Beginners guide to intraday trading
coffeekai via Getty Images

Did you know that only 2-3% of India's population is invested in the stock market? This is a serious financial opportunity missed as the Indian stock market has created a lot of wealth for people who have invested in it.

There are many factors that influence people into shying away from the stock market, but the most evident one seems to be lack of in-depth knowledge of how it functions.

Here is a beginners guide to 'intraday trading' to help you gather knowledge of the stock market in the event that you are considering trading stocks.

Intraday trading, also called day trading, is the buying and selling of stocks and other financial instruments within the same day. In other words, intraday trading means all positions are squared-off before the market closes and there is no change in ownership of shares as a result of the trades.

Squaring off is a trading style used by investors/traders mostly in day trading, in which a trader buys or sells a particular quantity of an asset (mostly stocks) and later in the day reverses the transaction, in the hope of earning a profit (price difference net of broker charges and tax)

Until recently, people perceived day trading to be the domain of financial firms and professional traders. But this has changed today, thanks to the popularity of electronic trading and margin trading.

Now, it is very easy to start day trading.

Difference between intraday trading and regular trading

There's only one difference between a regular trade and intraday trade. It lies in taking the delivery of the stocks.

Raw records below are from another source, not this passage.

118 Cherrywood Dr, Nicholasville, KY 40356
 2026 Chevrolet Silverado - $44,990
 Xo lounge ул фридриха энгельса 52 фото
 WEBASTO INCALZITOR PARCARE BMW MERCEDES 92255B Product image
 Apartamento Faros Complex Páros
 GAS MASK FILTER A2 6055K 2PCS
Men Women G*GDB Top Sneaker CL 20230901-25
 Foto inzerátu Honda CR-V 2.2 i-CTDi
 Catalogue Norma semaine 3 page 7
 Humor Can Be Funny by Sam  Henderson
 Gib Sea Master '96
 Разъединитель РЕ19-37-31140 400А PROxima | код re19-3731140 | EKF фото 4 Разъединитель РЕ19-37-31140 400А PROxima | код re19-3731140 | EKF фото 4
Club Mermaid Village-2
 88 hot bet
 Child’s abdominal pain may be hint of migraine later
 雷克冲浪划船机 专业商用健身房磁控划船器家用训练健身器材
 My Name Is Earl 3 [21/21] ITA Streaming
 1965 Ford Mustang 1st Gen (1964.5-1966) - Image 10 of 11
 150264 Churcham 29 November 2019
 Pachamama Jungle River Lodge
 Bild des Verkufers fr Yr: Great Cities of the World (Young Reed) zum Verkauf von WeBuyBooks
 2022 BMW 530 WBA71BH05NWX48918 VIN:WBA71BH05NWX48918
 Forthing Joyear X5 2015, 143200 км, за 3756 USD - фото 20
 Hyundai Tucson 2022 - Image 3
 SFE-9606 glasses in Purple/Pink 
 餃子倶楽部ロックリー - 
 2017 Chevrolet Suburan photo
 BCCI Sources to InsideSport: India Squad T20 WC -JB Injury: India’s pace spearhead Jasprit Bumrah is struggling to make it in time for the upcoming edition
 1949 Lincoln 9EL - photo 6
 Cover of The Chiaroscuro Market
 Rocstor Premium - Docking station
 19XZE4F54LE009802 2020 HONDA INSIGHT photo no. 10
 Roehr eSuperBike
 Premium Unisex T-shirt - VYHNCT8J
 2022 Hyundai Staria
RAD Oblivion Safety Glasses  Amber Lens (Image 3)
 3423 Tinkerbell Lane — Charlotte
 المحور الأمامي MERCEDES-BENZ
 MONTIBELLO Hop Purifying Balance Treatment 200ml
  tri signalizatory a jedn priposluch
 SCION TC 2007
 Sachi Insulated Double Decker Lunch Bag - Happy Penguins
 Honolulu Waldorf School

In intraday trading, you square-off your positions the same day. So, your sell order offsets your buy order. This way, there is no transfer of ownership of shares. A regular trade gets settled over a span of days if not longer. So, you get delivery of the shares you bought while the shares you sold move out of your demat account .

Who is intraday trading suitable for?

Those who can take risks, and have enough time to follow the market closely and time their trades.

Risks

Intraday trading promises high returns and thus may sound very attractive. But it also carries a higher risk compared to the delivery segment. So if you have a day job that requires your full attention for most of the trading hours, you may want to avoid intraday trading.

It is crucial that you watch the market and time your trades to perfection. Secondly, you need a good understanding of and time to perform technical analysis on daily charts to make the right decisions.

How to place place intraday trades?

You need to trade in the intraday segment using the right broker, one who offers you with research support as well as technical support. Having the right tools is crucial to maximise intraday trades. Given the high frequency of transactions, it is important that you choose an account with low brokerage per transaction and speedy execution.